Suara.com - Irjen Pol Teddy Minahasa menjalani sidang perdana kasus penilapan dan pengedaran barang bukti sabu di Pengadilan Negeri Jakarta Barat, pada Kamis (2/2/2023).
Dari pantauan Suara.com, sidang perdana dengan agenda pembacaan dakwaan ini dipimpin oleh Ketua Majelis Hakim Jon Sarman Saragih.
"Sidang dinyatakan dibuka dan terbuka untuk umum," kata Ketua Majelis Hakim.
Selanjutnya Ketua Majelis Hakim Jon Sarman Saragih memerintahkan jaksa penuntut umum (JPU) untuk menghadirkan Teddy selaku terdakwa. Sekitar pukul 13.15 WIB Teddy hadir dengan mengenakan batik dan celana bahan hitam.

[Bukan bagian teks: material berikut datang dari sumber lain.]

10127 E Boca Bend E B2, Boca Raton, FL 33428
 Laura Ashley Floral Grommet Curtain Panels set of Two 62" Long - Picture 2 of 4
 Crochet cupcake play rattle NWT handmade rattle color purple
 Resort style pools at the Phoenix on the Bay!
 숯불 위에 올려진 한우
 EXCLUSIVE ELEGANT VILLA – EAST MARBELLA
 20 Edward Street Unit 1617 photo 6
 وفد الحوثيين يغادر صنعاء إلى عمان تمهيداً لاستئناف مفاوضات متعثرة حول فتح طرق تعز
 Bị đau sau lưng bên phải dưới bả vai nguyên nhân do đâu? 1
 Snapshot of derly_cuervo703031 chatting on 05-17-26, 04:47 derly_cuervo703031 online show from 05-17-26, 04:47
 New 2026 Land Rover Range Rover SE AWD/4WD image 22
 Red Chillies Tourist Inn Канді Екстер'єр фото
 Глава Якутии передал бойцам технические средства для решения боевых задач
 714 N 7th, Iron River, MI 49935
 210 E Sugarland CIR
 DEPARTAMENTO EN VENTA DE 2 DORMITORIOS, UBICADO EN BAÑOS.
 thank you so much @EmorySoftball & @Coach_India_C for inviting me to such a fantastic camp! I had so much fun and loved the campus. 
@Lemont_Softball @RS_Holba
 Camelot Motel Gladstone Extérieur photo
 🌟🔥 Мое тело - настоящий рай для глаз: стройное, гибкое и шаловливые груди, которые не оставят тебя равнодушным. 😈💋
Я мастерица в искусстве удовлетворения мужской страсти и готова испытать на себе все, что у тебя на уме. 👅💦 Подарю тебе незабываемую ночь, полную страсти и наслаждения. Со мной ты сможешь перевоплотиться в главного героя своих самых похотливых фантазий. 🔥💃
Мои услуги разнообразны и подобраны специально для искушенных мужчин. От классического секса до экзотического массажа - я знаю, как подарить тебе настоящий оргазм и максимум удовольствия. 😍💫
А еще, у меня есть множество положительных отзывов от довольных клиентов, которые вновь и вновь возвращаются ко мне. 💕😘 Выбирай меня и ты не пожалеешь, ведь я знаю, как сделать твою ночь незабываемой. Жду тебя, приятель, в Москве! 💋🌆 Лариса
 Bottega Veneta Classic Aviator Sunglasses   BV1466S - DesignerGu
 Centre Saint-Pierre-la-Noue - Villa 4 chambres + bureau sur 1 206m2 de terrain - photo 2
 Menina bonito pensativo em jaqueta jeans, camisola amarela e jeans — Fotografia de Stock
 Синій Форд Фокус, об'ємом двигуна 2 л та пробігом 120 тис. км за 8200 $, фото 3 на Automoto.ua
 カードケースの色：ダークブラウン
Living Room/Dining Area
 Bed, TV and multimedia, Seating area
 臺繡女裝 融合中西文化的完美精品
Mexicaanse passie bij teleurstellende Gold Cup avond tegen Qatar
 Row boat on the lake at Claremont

Ketua Majelis Hakim Jon Sarman Saragih sempat menanyakan kondisi kesehatan Teddy. Setelah dipastikan sehat sidang kemudian dilanjutkan dengan pembacaan dakwaan oleh jaksa.
Ajukan Eksepsi
Teddy rencananya akan langsung mengajukan eksepsi atau jawaban atas dakwaan jaksa. Kuasa hukum Teddy, Hotman Paris menyebut alasan pihaknya langsung mengajukan eksepsi karena dakwaan jaksa prematur.
"Ini memang belum waktunya disidangkan, (dakwaan) masih kabur, masih prematur. Kita akan langsung eksepsi nanti," kata Hotman sebelum persidangan di Pengadilan Negeri Jakarta Barat, Kamis (2/2/2023).
Hotman menyebut salah satu kelemahan dari dakwaan JPU ialah belum bisa membuktikan bahwa sabu yang dijual oleh oleh terdakwa AKBP Doddy Prawiranegara Cs yang diklaim atas perintah Teddy merupakan barang bukti pengungkapan kasus di Polres Buktittinggi yang ditukar dengan tawas.
"Salah satu kelemahan dari kasus ini dakwaan ini adalah prematur. Belum waktunya disidangkan ini. Hanya katanya, hanya dari bukti chat WhatsApp bahwa ditukar," tutur Hotman.
Terancam Pidana Mati
Teddy akan menjalani sidang perdana kasus penilapan dan pengedaran barang bukti sabu di Pengadilan Negeri Jakarta Barat pada hari ini. Sidang dengan agenda pembacaan dakwaan ini dijadwalkan berlangsung pukul 13.00 WIB.
"Agenda pembacaan dakwaan secara offline (tatap muka) di Pengadilan Negeri Jakarta Barat," kata Kasipidum Kejaksaan Negeri Jakarta Barat Sunarto kepada wartawan, Selasa (31/1/2023).
Dalam perkara ini, Teddy disangkakan melanggar Pasal 114 Ayat 3 Subsider Pasal 112 Ayat 2 Juncto Pasal 132 Ayat 1 Juncto Pasal 55 Undang-Undang Nomor 35 Tahun 2009 tentang Narkotika. Dia terancam hukuman maksimal pidana mati.
Pada Rabu (1/2/2023) kemarin enam terdakwa lainnya, yakni mantan Kapolres Bukittinggi AKBP Doddy Prawiranegara, Kompol Kasranto, Aiptu Janto P Situmorang, Linda Pujiastuti, Muhammad Nasir, dan Syamsul Maarif telah lebih dahulu menjalani sidang perdana dengan agenda pembacaan dakwaan di Pengadilan Negeri Jakarta Barat.